- DESCRIPTION OF THE TASK -
Starting at the line where "Zselés borítás mmCase" occurs, reproduce each line through the end of the entries below exactly. Omit every picture.

============================================================

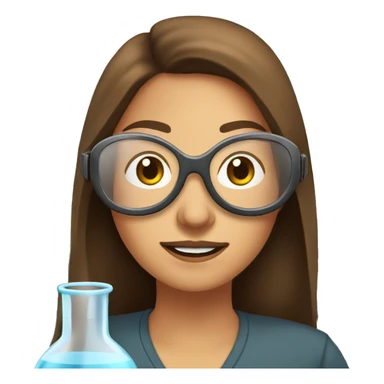 Woman with straight long brown hair wearing clear goggles in a lab class with a traditional bench and beakers  sticker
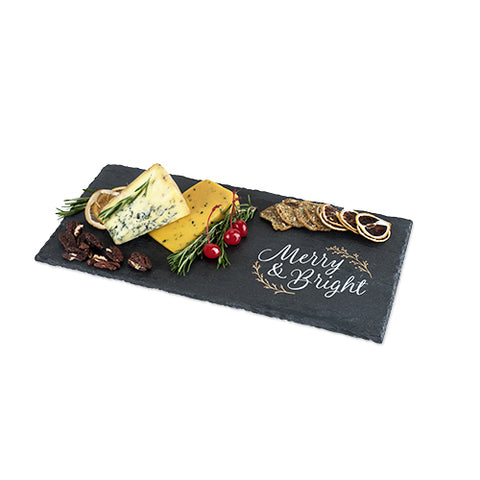 Rustic Holiday: Merry & Bright Slate Cheese Board by Twine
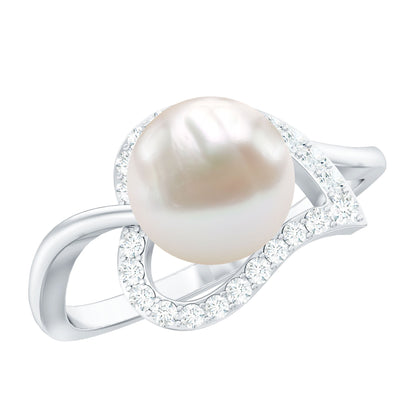 Cultured Freshwater Pearl Promise Ring with Diamond Leaf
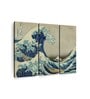 Green Blue Wave Printed Wall Art Panels ( Set Of 3)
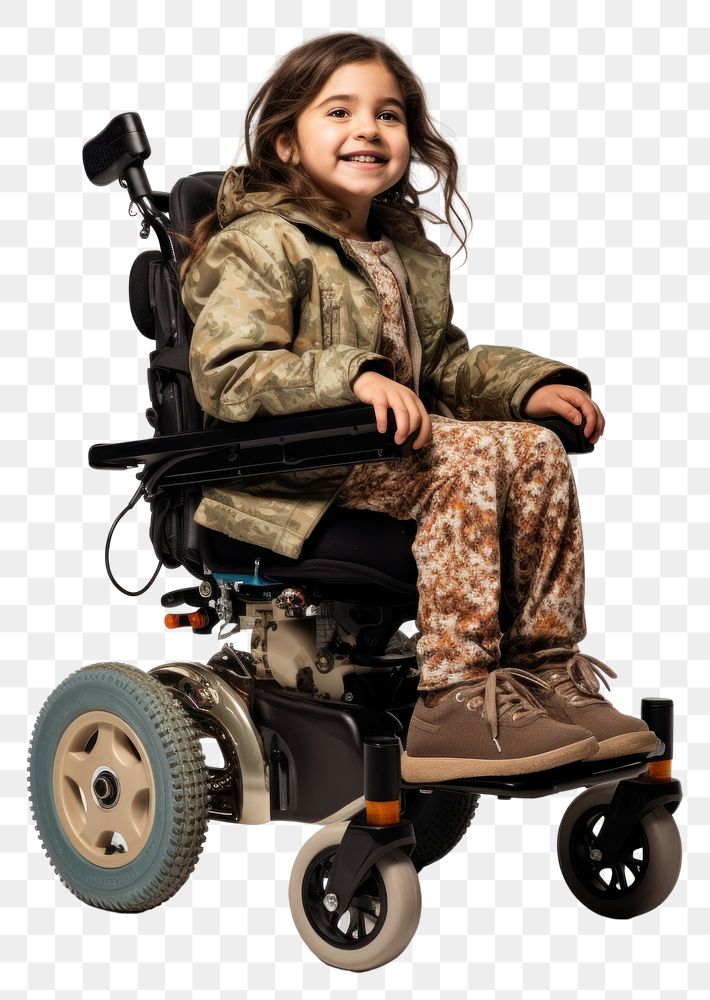 PNG Wheelchair child sitting girl. AI generated Image by rawpixel.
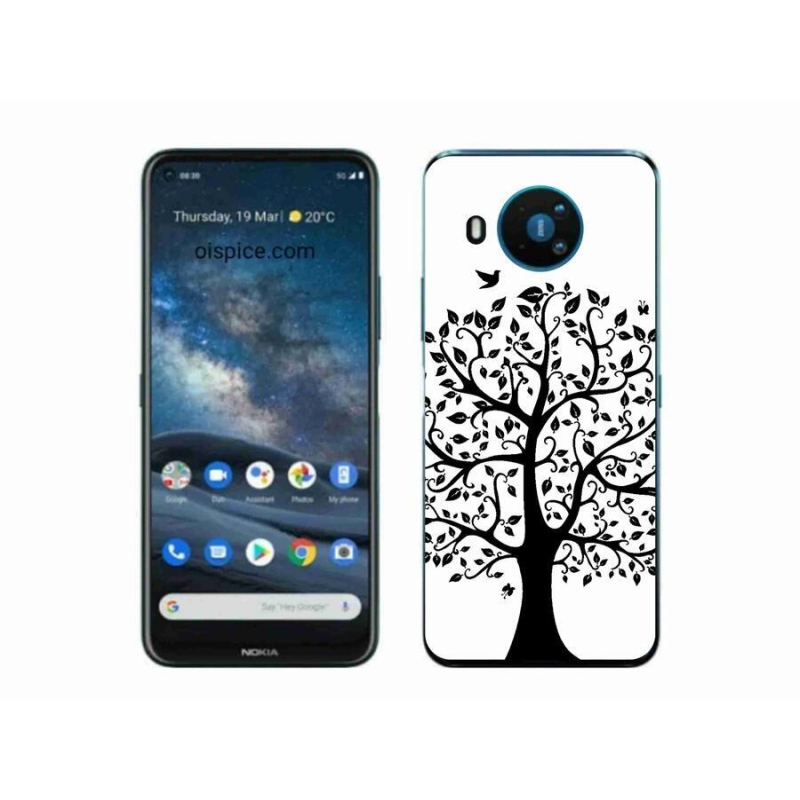 Zselés borítás mmCase a Nokia 8.3 5G készülékhez - fekete-fehér fa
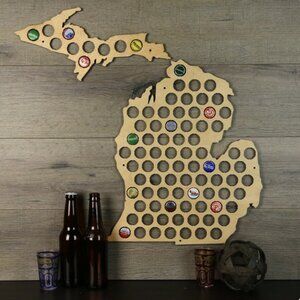 NEW Wooden Michigan Beer Cap Map,  Beer or Pop Cap Holder, Mancave wall hanging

============================================================

- FINISHED TASK -
 Zselés borítás mmCase a Nokia 8.3 5G készülékhez - fekete-fehér fa
 NEW Wooden Michigan Beer Cap Map,  Beer or Pop Cap Holder, Mancave wall hanging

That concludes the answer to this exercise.